Dennis Hale

Personal information
- Born: New Zealand

Refereeing information
| Years | Competition |  |  |  |  | Apps |
| 1990–1995 | World Cup |  |  |  |  | 5 |
| 1990–1995 | Other Internationals |  |  |  |  | 8 |
| 1992 | World Club Challenge |  |  |  |  | 1 |
- Source: RLP

= Dennis Hale (rugby league) =

New Zealand rugby league footballer and referee

Dennis Hale is a New Zealand former international rugby league referee.

==Early years==
Hale began his involvement with rugby league as a player with the North Shore club. He would go on to be involved in coaching and administration with the club, before becoming a referee in 1976.

==Refereeing career==
Hale made his senior referee debut in 1981, five years after taking up the whistle. Besides refereeing in the Auckland Rugby League and New Zealand Rugby League competitions, Hale also controlled PNG's Cambridge Cup final in 1990, several matches in the Championship and the 1992 World Club Challenge match.

Hale retired in 1997.

==International career==
Hale made his international test debut in 1989 controlling a match between Papua New Guinea and Great Britain in Papua New Guinea. Great Britain felt hard done by Hale's refereeing in Papua New Guinea and in the 1992 Ashes series against Australia.

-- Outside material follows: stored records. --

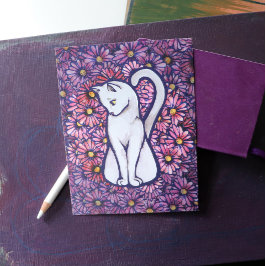 White Cat Mauve Daisies Briefkaart
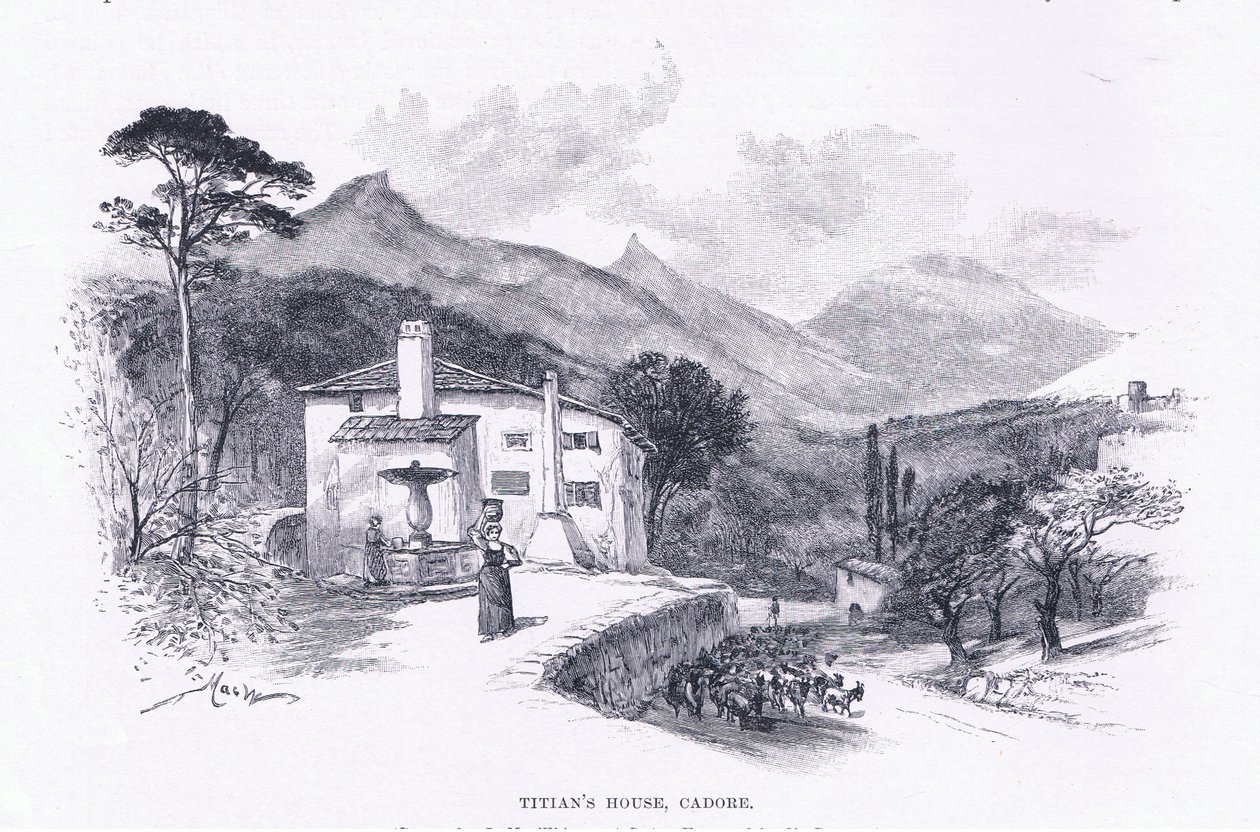Tizian háza, Cadore, a The Magazine of Art 1893-ból, Cassell and Company alkotó: John MacWhirter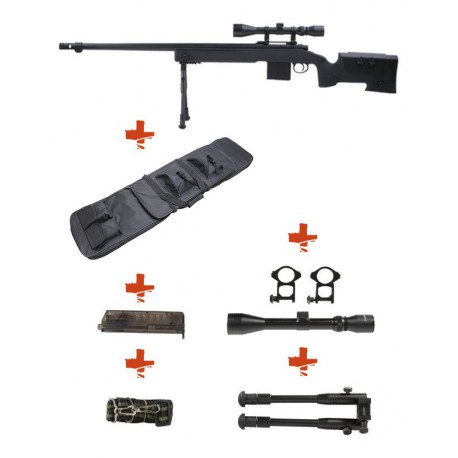 WELL - Pack Sniper MB4416D Noir avec bipied + lunette 3-9x40 + sangle + BB loader + Housse WELL - Pack Sniper MB4416D Noir avec bipied + lunette 3-9x40 + sangle + BB loader + Housse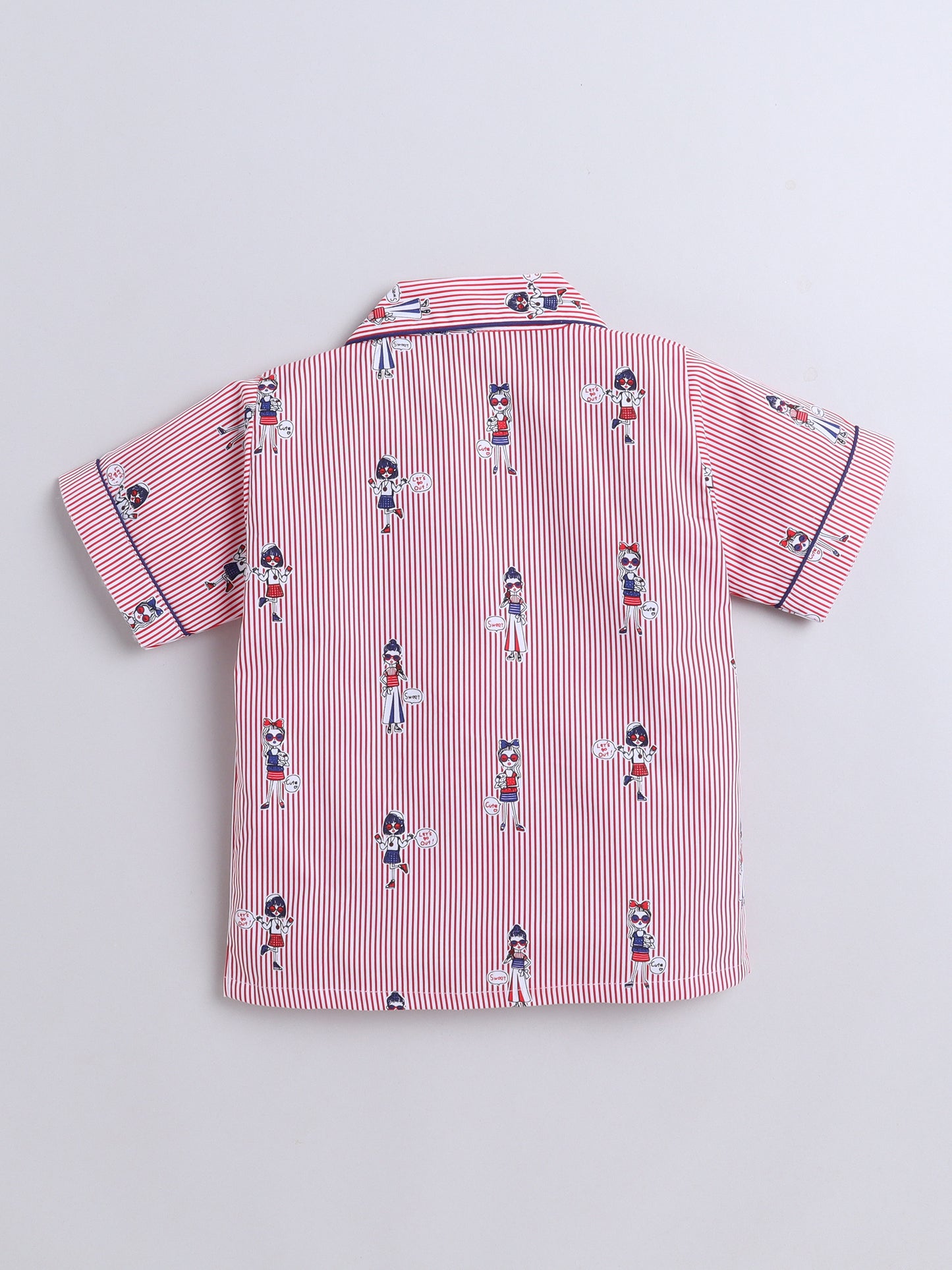 Girl Printed Cotton Half Sleeves Shirt and Shorts Set Night Suit Set For Kids Pink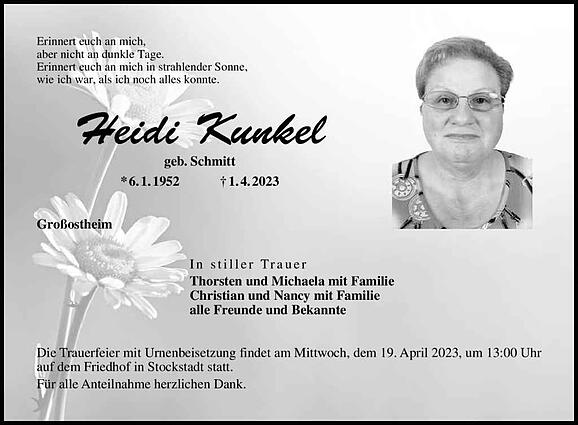Heidi Kunkel, geb. Schmitt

Hale would go on to referee eleven consecutive test matches. This would include six between October 1991 and October 1992 and five in the 1992 calendar year, both world records. Arguably the biggest game Hale refereed internationally was when he was chosen to referee the 1992 Rugby League World Cup final at London's famous Wembley Stadium between Great Britain and eventual winners Australia with the game played in front of a then international rugby league record attendance of 73,631. Previously he had been one of the touch judges in the 1988 Rugby League World Cup final won by Australia over New Zealand in front of a New Zealand record rugby league attendance of 47,363 at Eden Park in Auckland.

When he controlled the first test of the 1995 Trans-Tasman Test series at Lang Park in Brisbane, Australia between Australia and New Zealand, he became the first New Zealand referee to control an overseas test match involving New Zealand. His last international test was following the 1995 World Cup when he refereed the Final of the Emerging Nations Tournament between Ireland and the Cook Islands. Hale finished with thirteen test matches, the second most by a New Zealander after John Percival.

==Personal life==
Hale, a Devonport businessman, is married to Dianne, who is a former Deputy Mayor of the North Shore City Council and currently sits on the Devonport - Takapuna Local Board.